21 Then Jesus went out from there and departed to the region of Tyre and Sidon.
22 And behold, a woman of Canaan came from that region and cried out to Him, saying, “Have mercy on me, O Lord, Son of David! My daughter is severely demon-possessed.”
23 But He answered her not a word. And His disciples came and urged Him, saying, “Send her away, for she cries out after us.”
24 But He answered and said, “I was not sent except to the lost sheep of the house of Israel.”
25 Then she came and worshiped Him, saying, “Lord, help me!”
26 But He answered and said, “It is not good to take the children’s bread and throw it to the little dogs.”
27 And she said, “Yes, Lord, yet even the little dogs eat the crumbs which fall from their masters’ table.”
28 Then Jesus answered and said to her, “O woman, great is your faith! Let it be to you as you desire.” And her daughter was healed from that very hour.
Tyre and Sidon (v.21) — Along the coast northwest of the Sea of Galilee — outside Herod’s jurisdiction. This is the only recorded instance during His ministry when the Lord left Palastine.
woman of Canaan (v.22) — Mark (7:26) says she was Greek (meaning Gentile), a Syro-Phoenician by birth.
send her away (v.23) — Based on the way Jesus responds (in v.24), it is probable that the disciples were urging Him to give her what she wanted so she would go away.

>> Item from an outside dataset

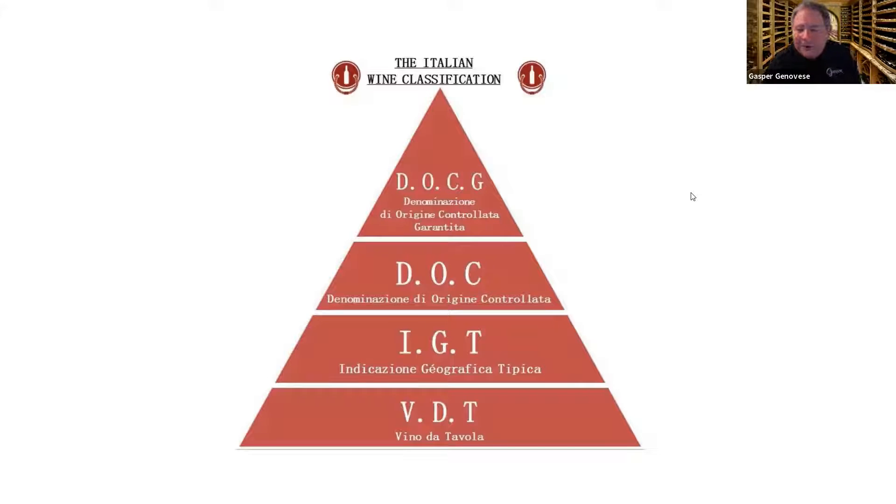When dealing with Italian wines, you need to learn the Italian wine classification system. It's sort of a pyramid, and the farther you go up the pyramid, the more regulations, the more controls, the more restrictions they put on yield and volumes and grape types that you can grow.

dogs (v.26) = little dogs, pets
Most of my commentaries explain this passage with some ideas that make sense to me, but none of them paint the whole picture, so I’ll summarized in my own words.
Jesus came as the Messiah of Israel. His ministry was only to the Jews. When this Gentile woman approached Him as the Son of David, she had no claim on Him. She was one of those who were … without Christ, being aliens from the commonwealth of Israel and strangers from the covenants of promise, having no hope and without God in the world (Ephesians 2:12). On this basis, He said nothing.
When the disciples asked Him (probably) to give her what she wanted so they could be rid of her, He explained, “I was not sent except to the lost sheep of the house of Israel” (v.24).
She asked Him again to help her daughter, this time dropping her claim. He again explained the higher position of Israel, “It is not good to take the children’s bread and throw it to the little dogs” (v.26).
She then asked a third time, and this time she worded her request in such a way that Jesus could grant her request. “Yes, Lord, yet even the little dogs eat the crumbs which fall from their masters’ table.”
The word “masters'” is plural. She wasn’t referring to Him as her master but to those who were fed at the table — the Jews. She had come to the understanding that her blessing could only come through Israel.
This is where my commentaries miss the point, in my opinion. This experience wasn’t given to us to show that salvation was about to be taken from Israel and given to the Gentiles. The Lord was still teaching the kingdom message. A major point of that kingdom message is that the nations will be blessed through Israel. This passage underlines that point exactly.